▶ Assigned task: Within the records below, find the line with "Close-up of young" and the line with "a view of a", then reproduce exactly those two lines and all lines between them, without any picture.

▶ Data records:
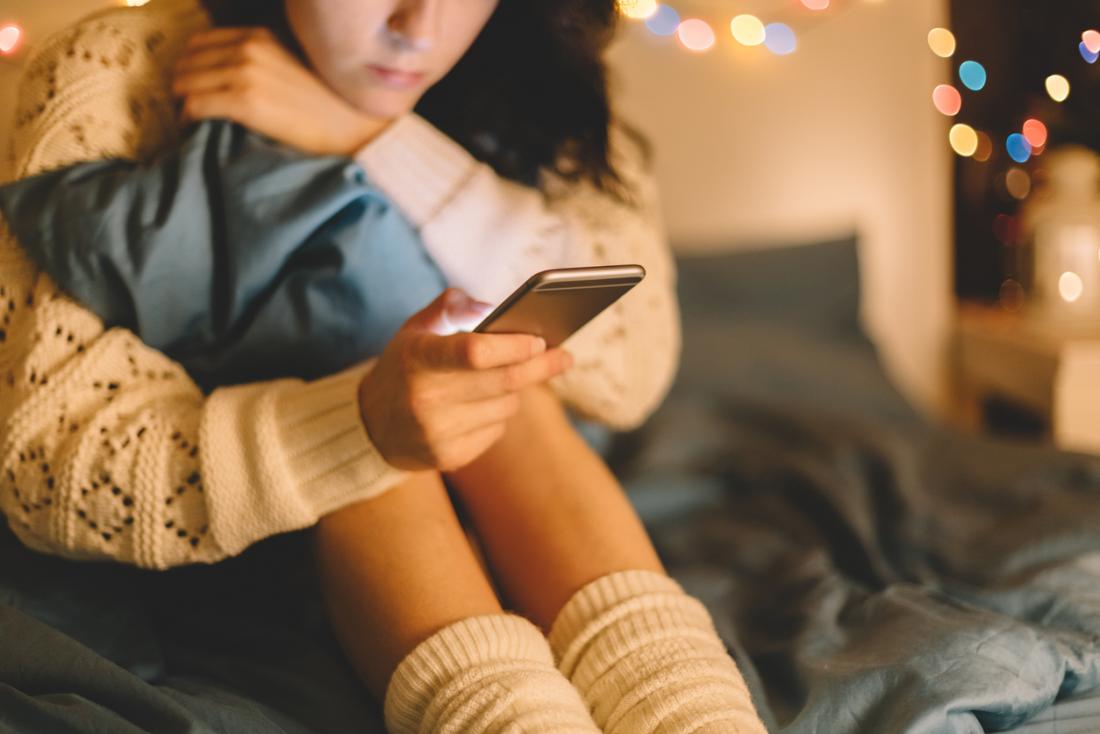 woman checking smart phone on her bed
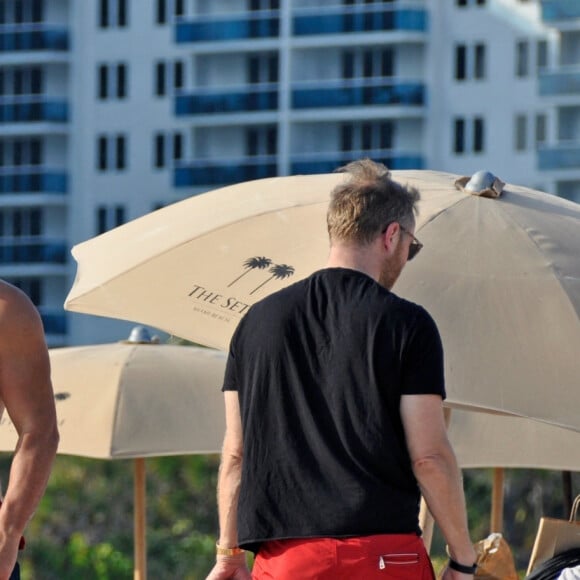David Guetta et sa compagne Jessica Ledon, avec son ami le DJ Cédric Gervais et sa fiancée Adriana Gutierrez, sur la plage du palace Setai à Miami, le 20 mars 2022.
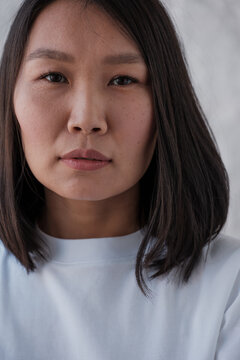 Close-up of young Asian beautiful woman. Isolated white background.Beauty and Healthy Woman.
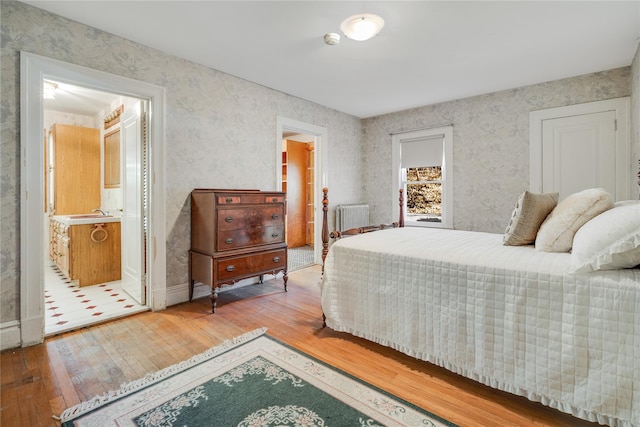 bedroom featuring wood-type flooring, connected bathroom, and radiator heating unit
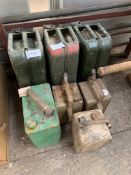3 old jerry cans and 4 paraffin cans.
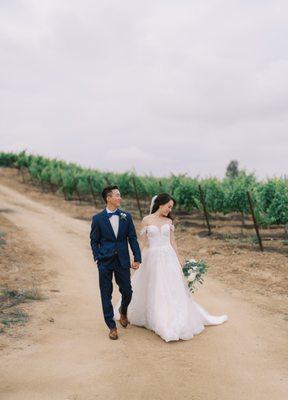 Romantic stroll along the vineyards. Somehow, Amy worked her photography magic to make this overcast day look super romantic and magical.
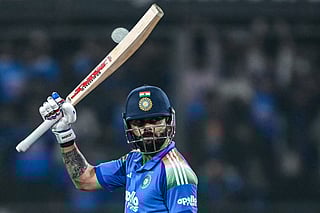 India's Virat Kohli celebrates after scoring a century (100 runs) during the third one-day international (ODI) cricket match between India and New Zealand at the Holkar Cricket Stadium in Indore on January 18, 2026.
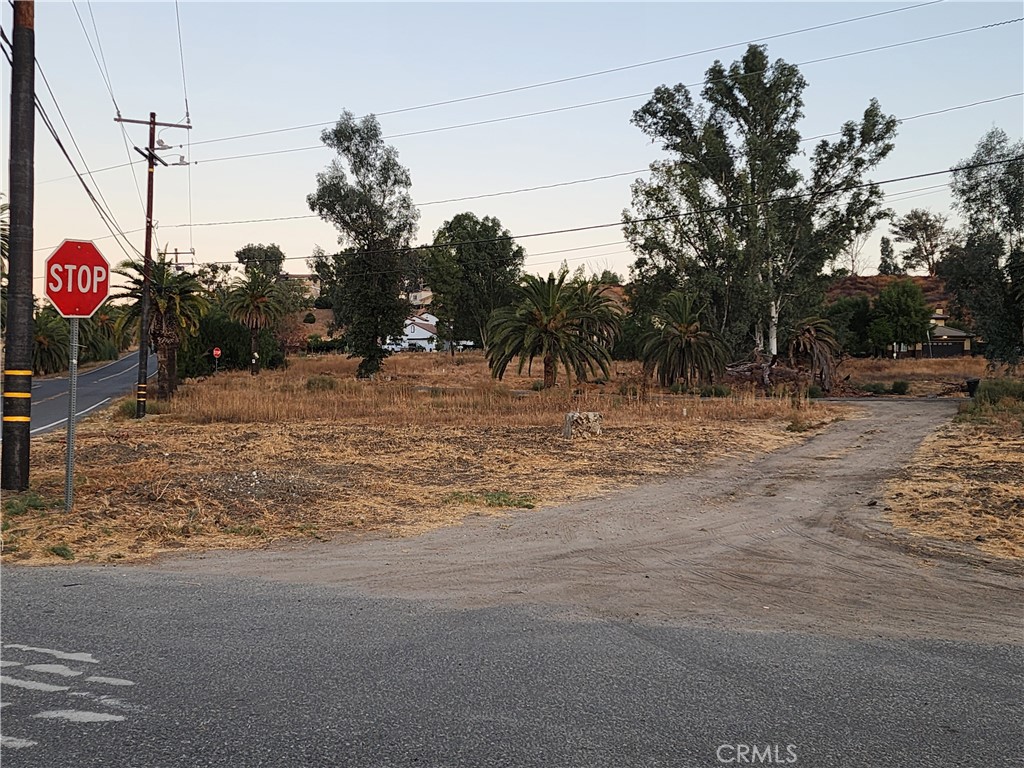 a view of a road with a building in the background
==
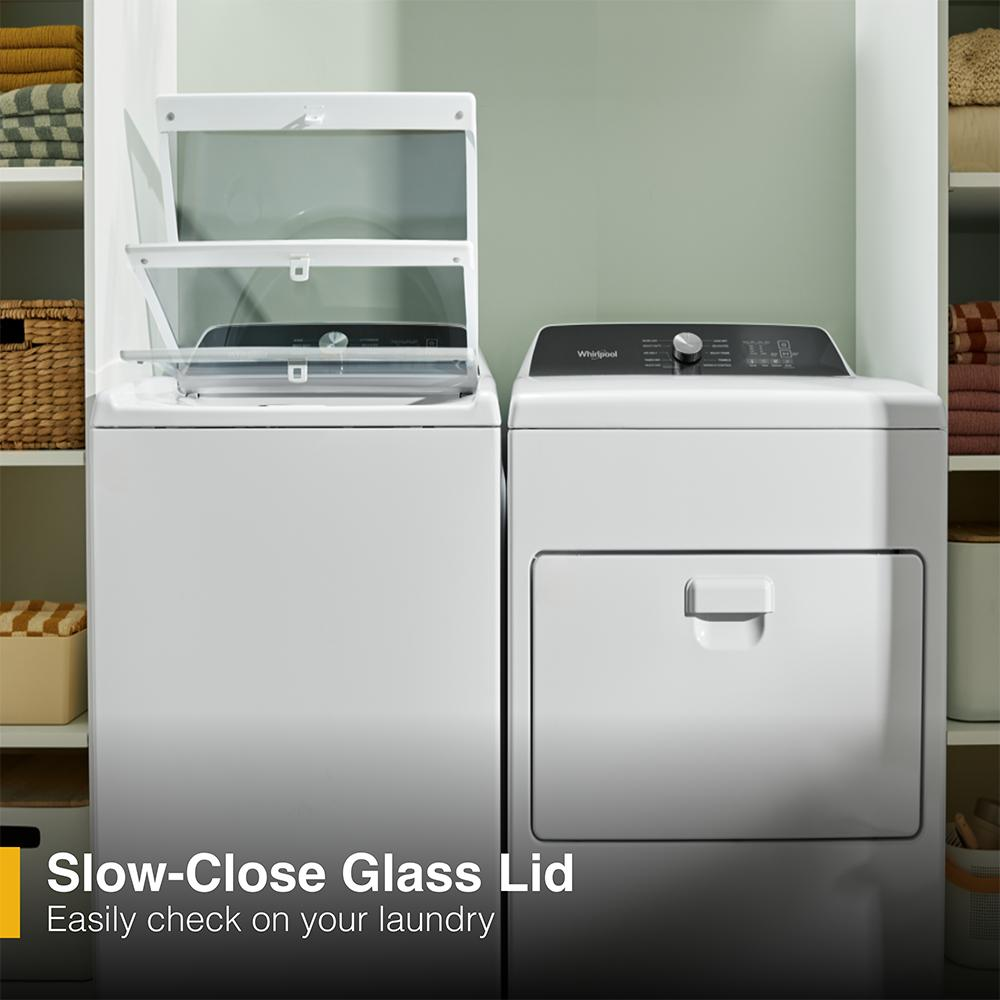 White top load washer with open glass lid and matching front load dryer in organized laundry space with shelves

▶ The completed task:
 Close-up of young Asian beautiful woman. Isolated white background.Beauty and Healthy Woman.
 bedroom featuring wood-type flooring, connected bathroom, and radiator heating unit
3 old jerry cans and 4 paraffin cans.
 Romantic stroll along the vineyards. Somehow, Amy worked her photography magic to make this overcast day look super romantic and magical.
 India's Virat Kohli celebrates after scoring a century (100 runs) during the third one-day international (ODI) cricket match between India and New Zealand at the Holkar Cricket Stadium in Indore on January 18, 2026.
 a view of a road with a building in the background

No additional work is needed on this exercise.